Delta Air Lines posted a net profit of $854 million in 2011, as it brought in more revenue to cover increased fuel costs while trimming flights and its work force.

A key source of increased revenue in the airline industry was higher fares. Atlanta-based Delta and other airlines increased prices throughout 2011, and the trend is continuing into 2012.

Despite persistently high fuel costs, Delta Chief Executive Richard Anderson told analysts on a conference call that “2012 is setting up as another good year for Delta.”

“We are committed to permanently fixing our business model,” he said.

Delta’s 2011 earnings amounted to $1.01 per share, compared with 70 cents a share in 2010, when the net profit was $593 million.
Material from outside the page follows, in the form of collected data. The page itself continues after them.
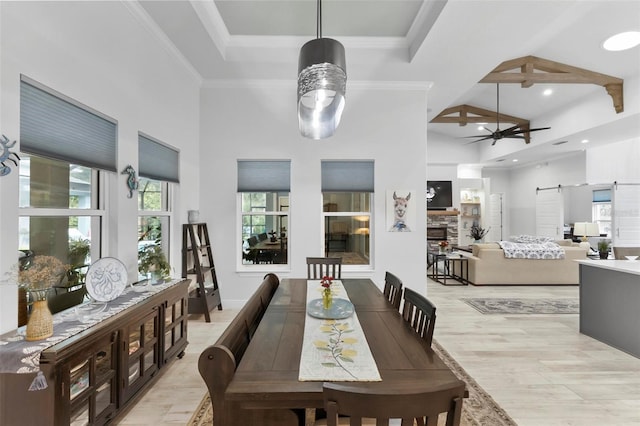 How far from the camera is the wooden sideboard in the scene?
4.54 feet

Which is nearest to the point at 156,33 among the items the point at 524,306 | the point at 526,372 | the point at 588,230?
the point at 526,372

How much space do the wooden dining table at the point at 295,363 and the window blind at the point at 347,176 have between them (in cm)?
240

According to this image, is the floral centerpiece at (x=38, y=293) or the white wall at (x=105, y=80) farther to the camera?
the white wall at (x=105, y=80)

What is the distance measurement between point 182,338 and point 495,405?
268 cm

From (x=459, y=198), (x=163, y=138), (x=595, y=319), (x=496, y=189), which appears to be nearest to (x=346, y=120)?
(x=163, y=138)

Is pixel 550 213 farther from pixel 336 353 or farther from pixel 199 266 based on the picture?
pixel 336 353

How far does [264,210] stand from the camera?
14.5 ft

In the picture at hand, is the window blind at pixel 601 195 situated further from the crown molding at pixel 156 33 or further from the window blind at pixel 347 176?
the crown molding at pixel 156 33

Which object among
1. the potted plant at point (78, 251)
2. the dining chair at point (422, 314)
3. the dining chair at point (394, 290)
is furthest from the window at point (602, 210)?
the potted plant at point (78, 251)

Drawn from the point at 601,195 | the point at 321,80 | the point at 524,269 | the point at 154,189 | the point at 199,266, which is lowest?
the point at 524,269

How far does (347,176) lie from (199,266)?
235 cm

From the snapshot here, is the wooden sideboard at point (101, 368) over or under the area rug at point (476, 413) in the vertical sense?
over

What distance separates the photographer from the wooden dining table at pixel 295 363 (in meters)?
1.15

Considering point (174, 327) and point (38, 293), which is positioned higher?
point (38, 293)
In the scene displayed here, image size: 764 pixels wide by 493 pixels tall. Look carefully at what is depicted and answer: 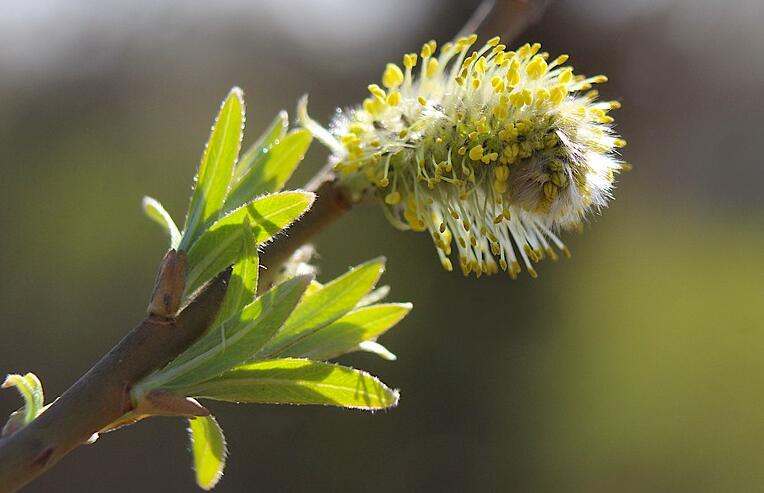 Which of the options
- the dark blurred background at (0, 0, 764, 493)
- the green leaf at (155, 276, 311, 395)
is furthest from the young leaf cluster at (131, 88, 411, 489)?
the dark blurred background at (0, 0, 764, 493)

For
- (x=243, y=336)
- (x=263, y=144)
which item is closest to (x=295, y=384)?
(x=243, y=336)

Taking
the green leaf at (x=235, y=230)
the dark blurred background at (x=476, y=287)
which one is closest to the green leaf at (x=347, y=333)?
the green leaf at (x=235, y=230)

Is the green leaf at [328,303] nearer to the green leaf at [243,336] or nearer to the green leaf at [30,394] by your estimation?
the green leaf at [243,336]

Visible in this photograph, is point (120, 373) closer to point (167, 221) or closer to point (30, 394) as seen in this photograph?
point (30, 394)

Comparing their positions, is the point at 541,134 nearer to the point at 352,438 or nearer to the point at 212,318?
the point at 212,318

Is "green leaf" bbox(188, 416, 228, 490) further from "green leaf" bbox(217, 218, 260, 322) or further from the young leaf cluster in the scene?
"green leaf" bbox(217, 218, 260, 322)

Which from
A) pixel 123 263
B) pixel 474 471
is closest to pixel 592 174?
pixel 474 471

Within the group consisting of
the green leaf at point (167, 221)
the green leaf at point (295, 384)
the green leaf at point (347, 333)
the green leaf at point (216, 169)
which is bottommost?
the green leaf at point (295, 384)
Excluding special items, Delta said its 2011 profit was $1.2 billion, down from $1.4 billion in 2010.

The full-year results included a $425 million profit for the fourth quarter, up from $19 million a year earlier. The company said it would have had a $379 million profit excluding special items in the fourth quarter of 2011, making it the most profitable December quarter in its history. Special charges for the quarter include gains on fuel contracts, a gain from a swap of flying rights with US Airways in New York and Washington, D.C., charges for grounded aircraft and an $80 million charge for severance and other items.

Delta reported fourth-quarter increases of 8 percent in passenger revenue, 8 percent in cargo revenue and 4 percent in other revenue.President Ed Bastian said Delta’s Atlanta hub was among those that produced particularly strong increases in unit revenue.

Excluding fuel, operating expense for the quarter was flat.

Delta laid off about 200 administrative employees late last year after offering buyouts and early retirement that more than 2,000 employees signed up for. The company also reported progress in its efforts to reduce its debt.

Delta continues to trim flights and says its flight capacity will be down 3 percent to 5 percent for the first quarter compared with a year ago.